Most organizations, like most humans, have a tendency to jump to solutions, especially when they are under pressure. They do not have time or patient to understand the problem before jumping to a solution. That is why we see projects solving the wrong problems or using the wrong solutions! To a person with a hammer, everything in the world looks like a nail!
More disturbing is when the organizational climate and culture discourage people who might see the mismatch between solution and problem to speak out. The Emperor’s new cloth story becomes real!
above argument applies to enterprises too.
Before selecting any solution, one needs to understand the problem. It starts with asking the right
questions. Below are samples of questions
that many EA teams deal with. Finding the
right, practical, and proven answer for them helps EA teams to be effective and
focus on the right areas. Working on IBM's internal transformation, helping many clients, and doing research on enterprise computing have given me many opportunities to deal with questions like these.
- How do I get started on EA?
- How do I convince my executives that we need EA?
- How can I get the business team excited about EA?
- How do I know that my team is focusing on the right areas? Some EA teams have lost funding since they have not been considered to be focusing on what is critical to the enterprise.
- How can I build trust in the EA team?
- How can I convince the enterprise that areas like security and architecture must be dealt with at the enterprise level not local/department level?
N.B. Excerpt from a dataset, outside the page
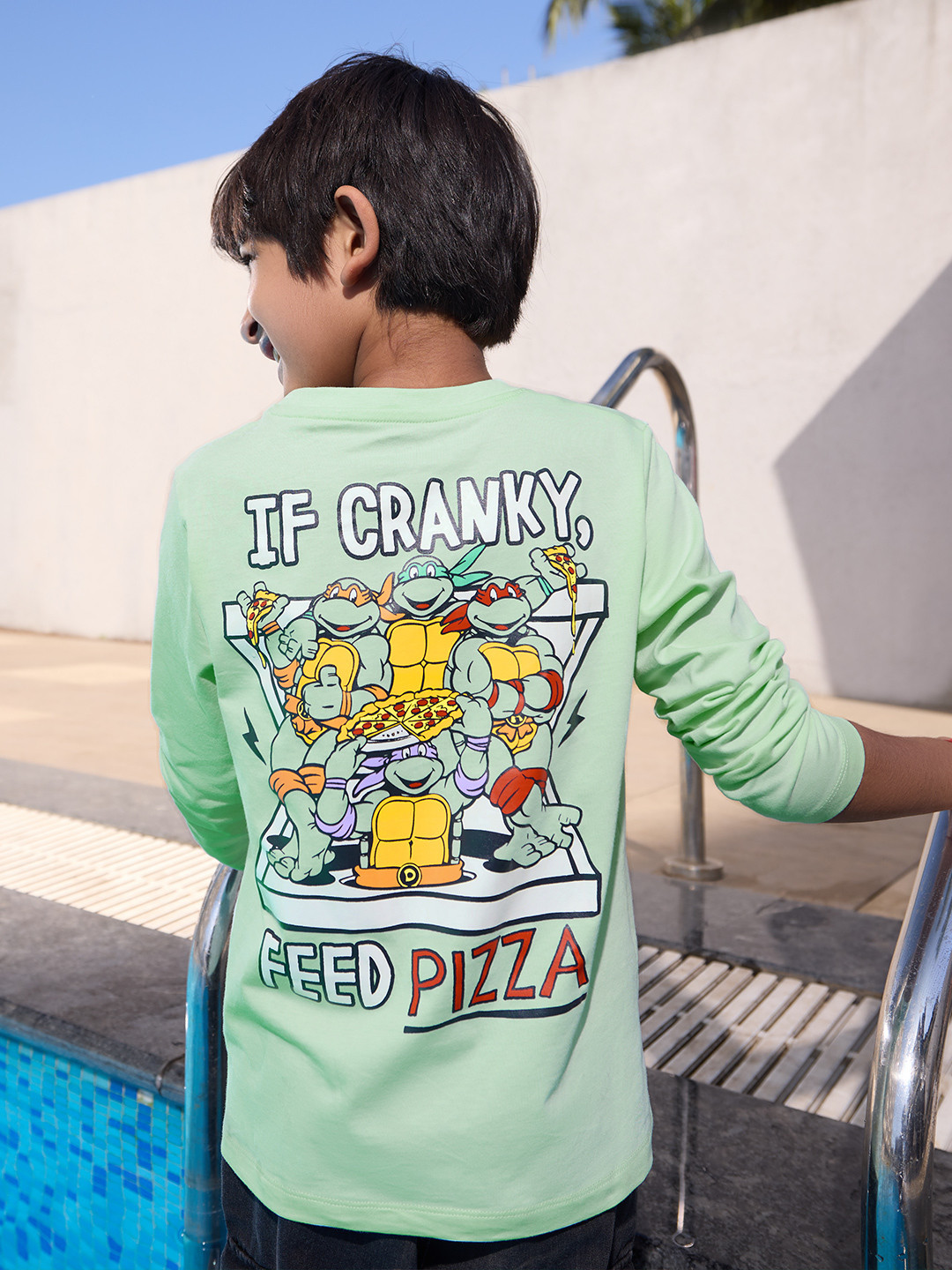The Souled Store Boys Green TMNT Graphic Printed Pure Cotton T-shirt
- My technical team completed a project. We were so excited that we had created an excellent capability. But my clients were not as excited as we were. It seemed they didn’t care/need the new capability! What do I need to do to avoid developing the wrong solution?
- What types of skills do I need in my EA team? How can I build the right set of skills in my organization? Is there a systematic way to transfer skills?
- How can I measure and track the ROI in EA and IT projects?
- What is the best way to deal with merger and acquisition (e.g. integrating new data and applications, difference in business model, redundancy and duplication)?
- How to operationalize the strategy and EA concepts?
- How to leverage the investments in so called legacy systems?
- How to get more from my current IT investments?
- How do we know what we have (e.g. IT assets, data, resources) and what we are spending on them? How should we track them at the enterprise level? How do I know which of them should be kept and which ones should be retired?
- How can I determine what to outsource?
- How to deal with challenges of global teams?
- Increase collaborations
- Increase knowledge and asset sharing
- Help them to feel they have a career
- Help them to feel that they are an equal member of global team regardless of where they are
- How to create a culture of innovation and invention in the organization?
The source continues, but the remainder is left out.